HalfCheetahCost gymnasium environment

An actuated 8-jointed half cheetah. This environment corresponds to the HalfCheetah-v4 environment included in the gymnasium package. It is different in the fact that:

The objective was changed to a velocity-tracking task. To do this, the reward is replaced with a cost. This cost is the squared difference between the HalfCheetah’s forward velocity and a reference value (error).
Three optional variables were added to the observation space; The reference velocity, the reference error (i.e. the difference between the cheetah’s forward velocity and the reference) and the cheetah’s forward velocity. These variables can be enabled using the exclude_reference_from_observation, exclude_reference_error_from_observation and exclude_velocity_from_observation environment arguments.

The rest of the environment is the same as the original HalfCheetah environment. Below, the modified cost is described. For more information about the environment (e.g. observation space, action space, episode termination, etc.), please refer to the gymnasium library.

Important

The original code from Han et al. 2020 terminates the episode if the cheetah’s back thigh angle exceeds \(0.5 \pi\) or falls below \(-0.5 \pi\). This condition, not mentioned in the paper, is not implemented here as it’s not part of the original environment.

Observation space

The original observation space of the HalfCheetah-v4 environment contains all eight motors’ angles, velocities and torques.
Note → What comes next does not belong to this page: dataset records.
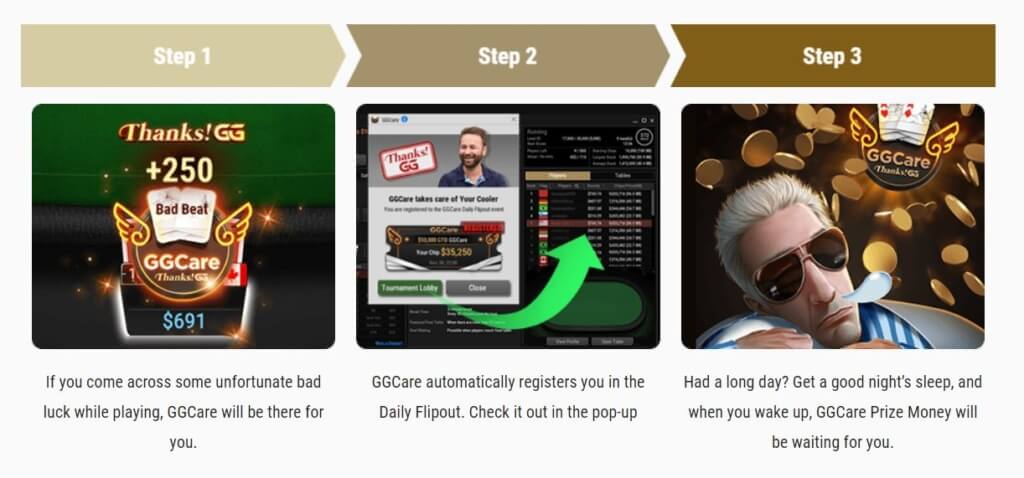 GGCare rewards bad luck with $30,000 daily!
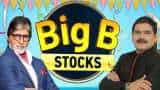Happy Birthday Amitabh Bachchan Market Experts Big B stocks NMDC Infosys Escorts Kubota Check target stoploss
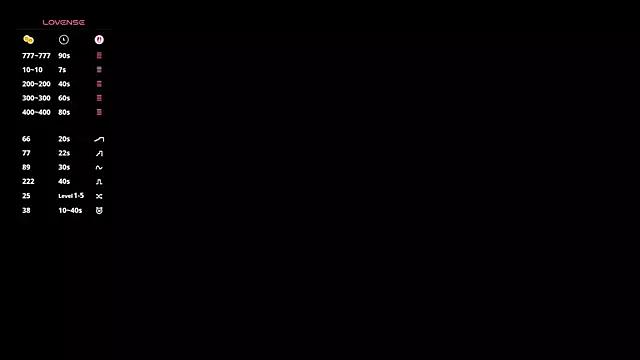 ArianeBhayani from StripChat is Freechat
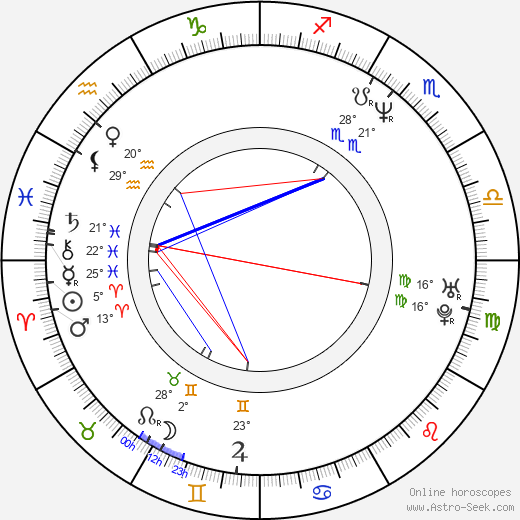 Eun-pyo Jeong birth chart, biography, wikipedia 2024, 2025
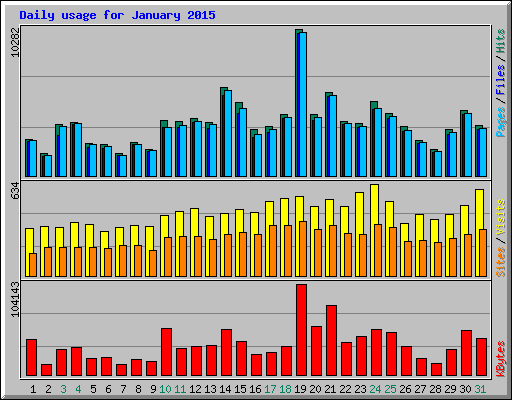 Daily usage for January 2015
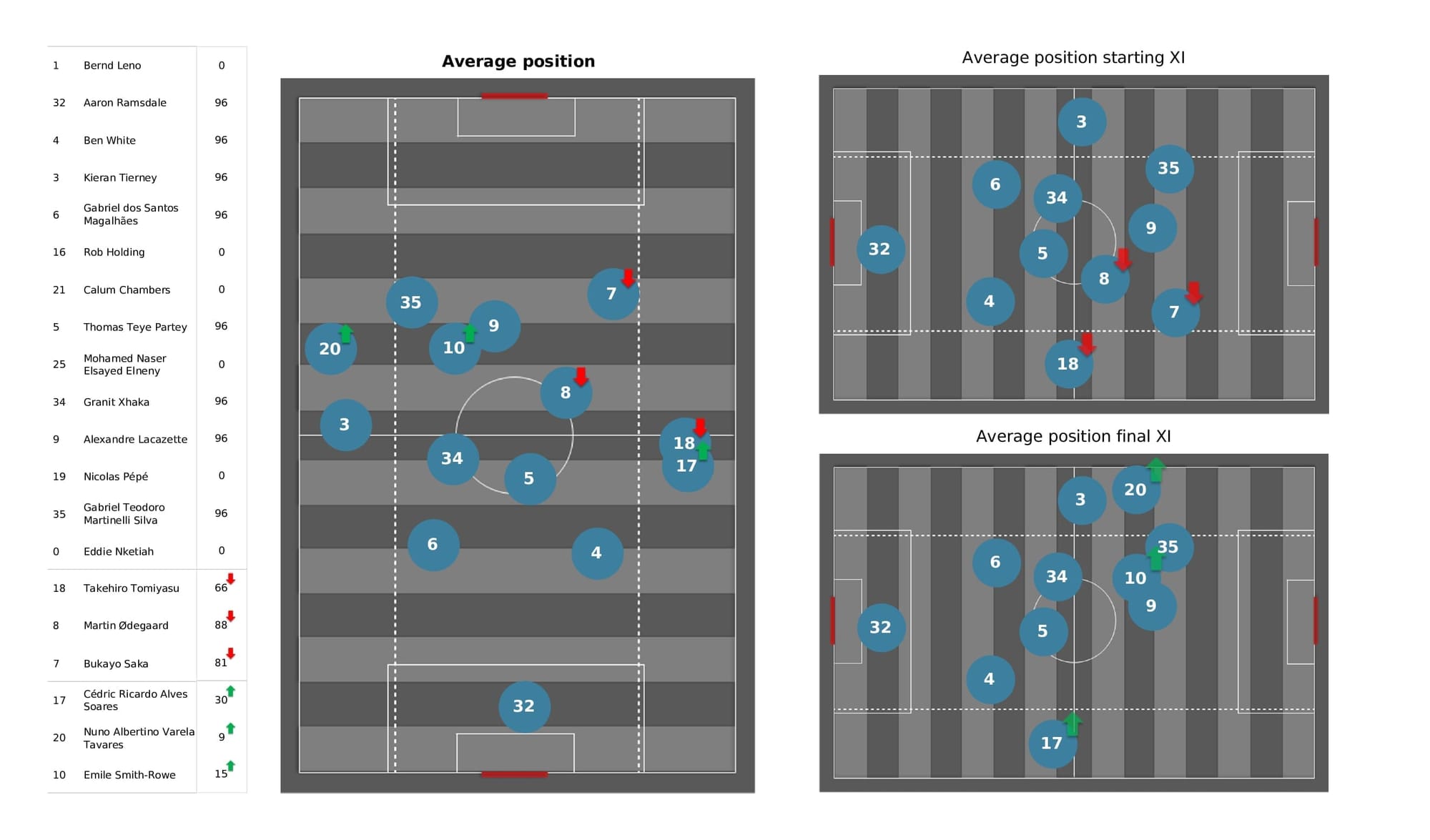 Premier League 2021/22: Leeds vs Arsenal - post-match data viz and stats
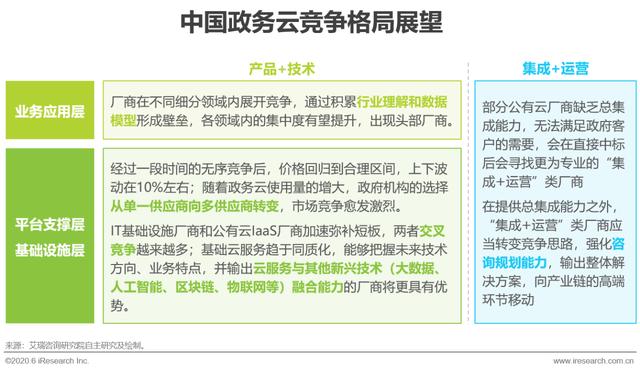 2020年中国政务云行业研究报告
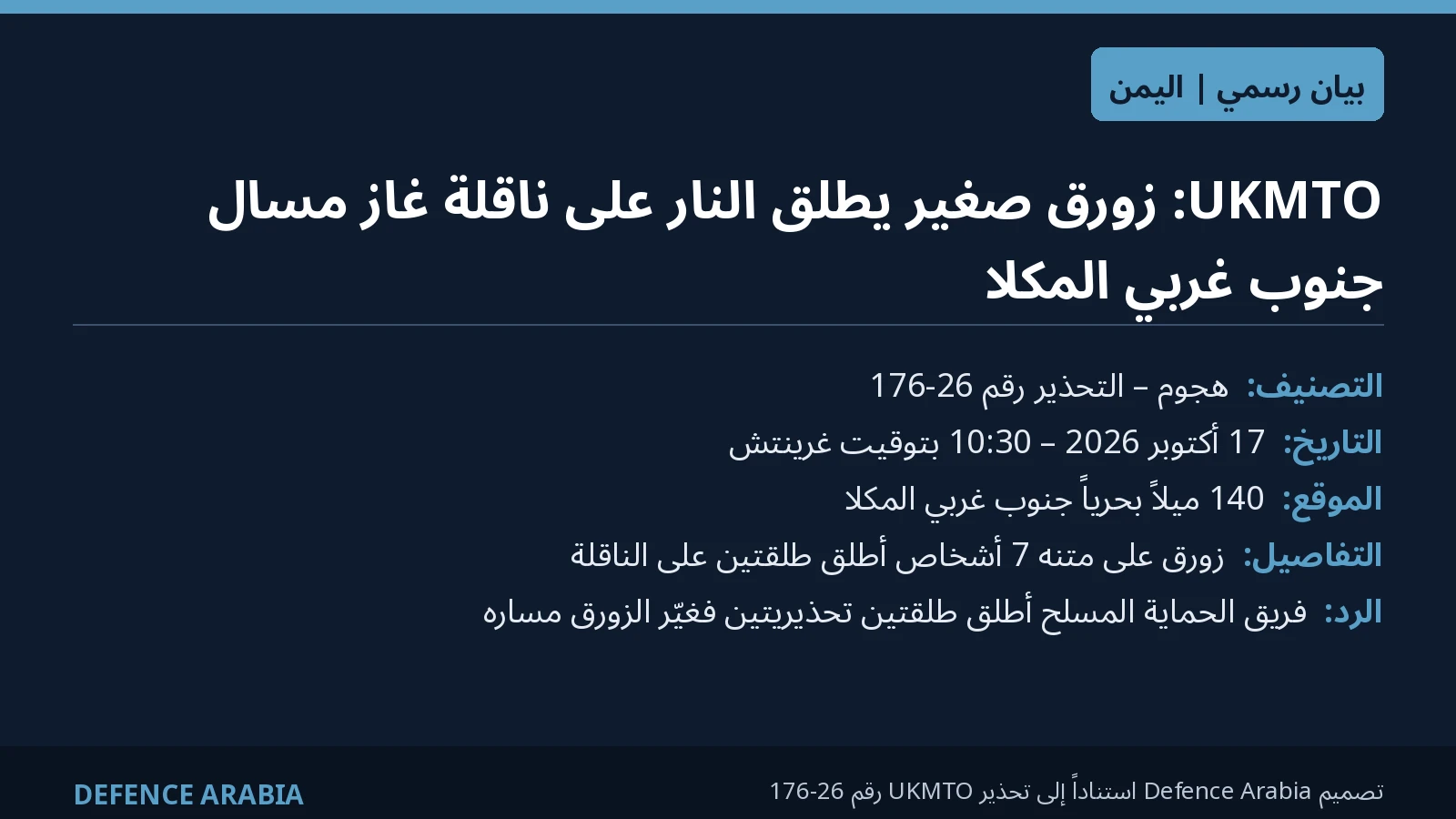 بطاقة توضح تعرض ناقلة غاز مسال لإطلاق نار من زورق صغير جنوب غربي المكلا في اليمن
In this modified version, the observation space has been extended to add three additional observations:

\(r\): The velocity reference signal that needs to be tracked.
\(r_{error}\): The difference between the current and reference velocities.
\(v_{x}\): The Cheetah’s forward velocity.
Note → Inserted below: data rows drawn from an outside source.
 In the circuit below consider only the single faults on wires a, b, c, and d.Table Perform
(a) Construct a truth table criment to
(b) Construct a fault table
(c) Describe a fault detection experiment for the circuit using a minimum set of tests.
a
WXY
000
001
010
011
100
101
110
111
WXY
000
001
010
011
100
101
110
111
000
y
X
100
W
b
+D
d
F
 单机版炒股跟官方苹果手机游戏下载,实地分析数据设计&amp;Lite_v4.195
These observations optional and can be excluded from the observation space by setting the exclude_reference_from_observation, exclude_reference_error_from_observation and exclude_x_velocity_from_observation environment arguments to True.

Cost function

The cost function of this environment is designed in such a way that it tries to minimize the error between the HalfCheetah’s forward velocity and a reference value. The cost function is defined as:

\[ cost = w_{forward\_velocity} \times (x_{velocity} - x_{reference\_x\_velocity})^2 + w_{ctrl} \times c_{ctrl} \]

Where:

\(w_{forward\_velocity}\) - is the weight of the forward velocity error.
\(x_{velocity}\) - is the HalfCheetah’s forward velocity.
\(x_{reference\_x\_velocity}\) is the reference forward velocity.
\(w_{ctrl}\) is the weight of the control cost (optional).
\(c_{ctrl}\) is the control cost (optional).

The control cost is optional and can be disabled using the include_ctrl_cost environment arguments.

Environment step return

In addition to the observations, the cost and a termination and truncation boolean, the environment also returns an info dictionary:

[observation, cost, termination, truncation, info_dict]

Compared to the original HalfCheetah-v4 environment, the following keys were added to this info dictionary:

reference: The reference velocity.
state_of_interest: The state that should track the reference (SOI).
reference_error: The error between SOI and the reference.

How to use

This environment is part of the Stable Gym package. It is therefore registered as the stable_gym:HalfCheetahCost-v1 gymnasium environment when you import the Stable Gym package. If you want to use the environment in stand-alone mode, you can register it yourself.